Toni Prostran (born April 9, 1991) is a Croatian professional basketball player, currently playing for Iserlohn Kangaroos in the third-tier German Pro-B League. Standing at 1.83 m, he plays at the point guard position.

Professional career 
After passing through the KK Zadar youth squads, Prostran made his debut for the senior team in December 2007. Not satisfied with the opportunities he got at Zadar, he moved to KK Zagreb, in January 2010. Expecting to move his career to another level, Prostran was disappointed at his new club, and he choose to break up his contract, and move back to KK Zadar, in the summer of 2012. After a more successful 2012–13 season (3.7 points, 1.9 rebounds, and 2.3 assists per game in the Adriatic league), in the summer of 2013, he renewed his contract with KK Zadar.

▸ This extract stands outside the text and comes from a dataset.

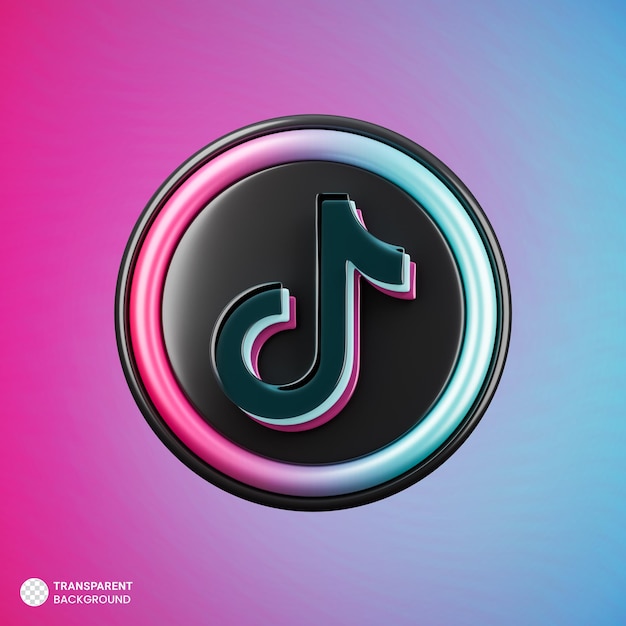 PSD gratuit tiktok logo 3d icône de médias sociaux isolé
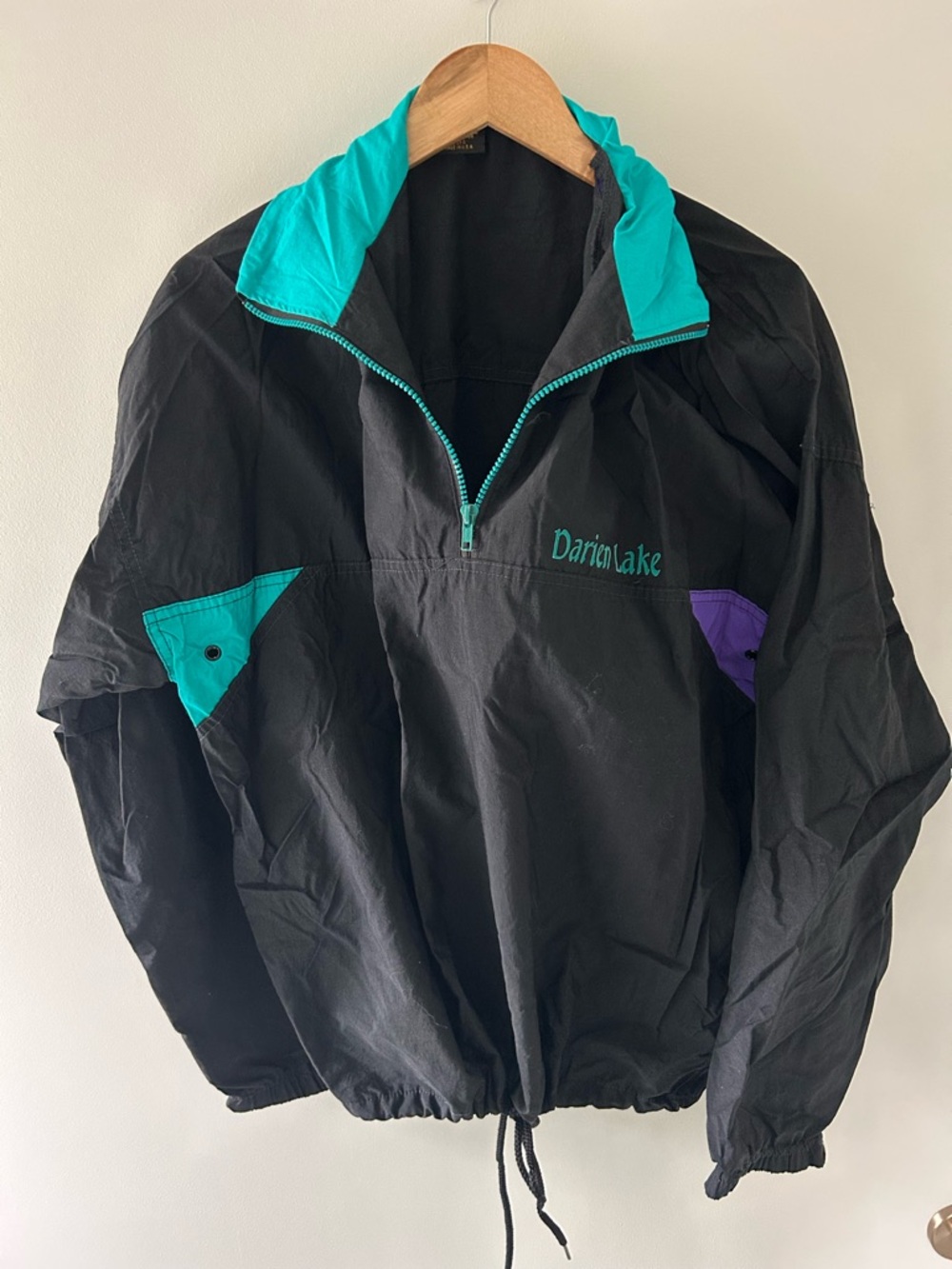 Vintage Darien Lake Windbreaker with Teal & Purple Accents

In June 2014, Prostran agreed to a one-year deal with the Swedish league finalists Norrköping Dolphins. He averaged 16.5 points, 2.9 rebounds, and 6.5 assists per game, and he was selected to the eurobasket.com website's All Swedish league first team, and was also named the league's best Bosman player of the year by eurobasket.com. In the summer of 2015, he moved to another Swedish club, LF Basket Norrbotten. He averaged 15.8 points, 3.2 rebounds, and 7.7 assists per game (the most assists per game in the league), and he was once again named by the website eurobasket.com, to the All Swedish League first team, and as the league's best Bosman player of the year.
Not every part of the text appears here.